I dati sono allarmanti: appena lo 0,64% delle imprese italiane possiede una copertura assicurativa completa per i danni all'ambiente. A rivelarlo è un'elaborazione di Pool Ambiente, il consorzio di coriassicurazione nato dopo il disastro di Seveso, sulla base della seconda rilevazione statistica condotta da Ania. Un quadro desolante, considerando che l'Italia è particolarmente esposta a rischi ambientali.
I settori più virtuosi? Quello dei rifiuti (21,16%, grazie all'obbligo introdotto dal Veneto nel 1999), seguito da chimico (11,87%) e petrolifero (4,19%). In coda alla classifica troviamo trasporti (0,57%) e turismo (0,10%). A livello territoriale, il Veneto si conferma la regione più assicurata (1,85%), mentre la Campania detiene il record negativo.

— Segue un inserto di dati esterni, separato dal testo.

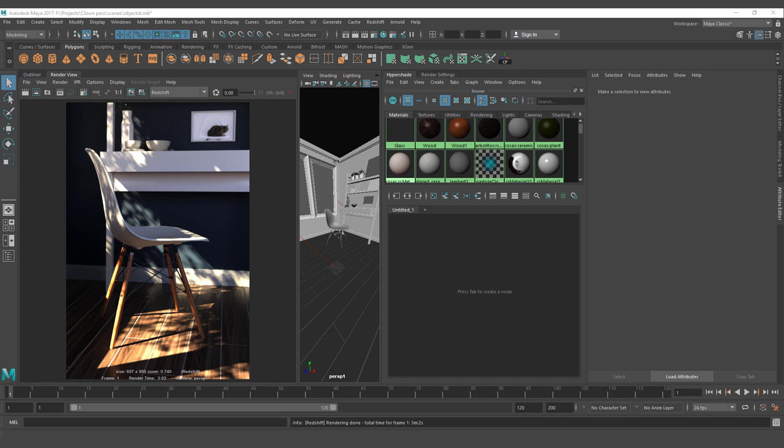Hello guys, this is Jesus Fernandez with a new tutorial on how to create the clown pass with Redshift and Maya. This is not a native pass for Redshift or a native AOV, so we will need to do a different workflow to create this one.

“La diffusione limitata di queste polizze dipende da pregiudizi e mancanza di norme obbligatorie”, spiega il presidente di Pool Ambiente, Tommaso Ceccon. “In Italia, a differenza di altri Paesi europei, non esistono obblighi se non per il settore rifiuti in Veneto”. Eppure, i benefici sarebbero enormi: oltre alla tutela ambientale, migliorerebbero i rating ESG delle aziende e si eviterebbero situazioni in cui, dopo un disastro, a rimetterci sono i cittadini.

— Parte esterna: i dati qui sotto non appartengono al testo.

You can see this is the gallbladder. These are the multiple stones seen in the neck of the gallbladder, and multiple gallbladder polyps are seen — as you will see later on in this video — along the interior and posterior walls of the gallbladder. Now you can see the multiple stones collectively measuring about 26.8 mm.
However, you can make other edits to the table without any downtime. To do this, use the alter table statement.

Cosa succede quando un'azienda non è assicurata? “Fallisce l'impresa, la Regione spesso non ha fondi per bonificare, e l'ambiente resta contaminato per anni”, avverte Ceccon. Una situazione che Flavio Sestilli, presidente di Aiba, conferma: “Serve una cultura della prevenzione. I broker possono guidare le aziende verso soluzioni su misura, ma è cruciale agire prima che i danni avvengano”.
Il mercato assicurativo italiano, con 20 compagnie attive nel rischio ambientale e il supporto dei riassicuratori, è pronto a fare la sua parte. Ma senza un cambio di mentalità e politiche più incisive, difficilmente la situazione migliorerà. Intanto, l'ambiente continua a pagare il prezzo più alto.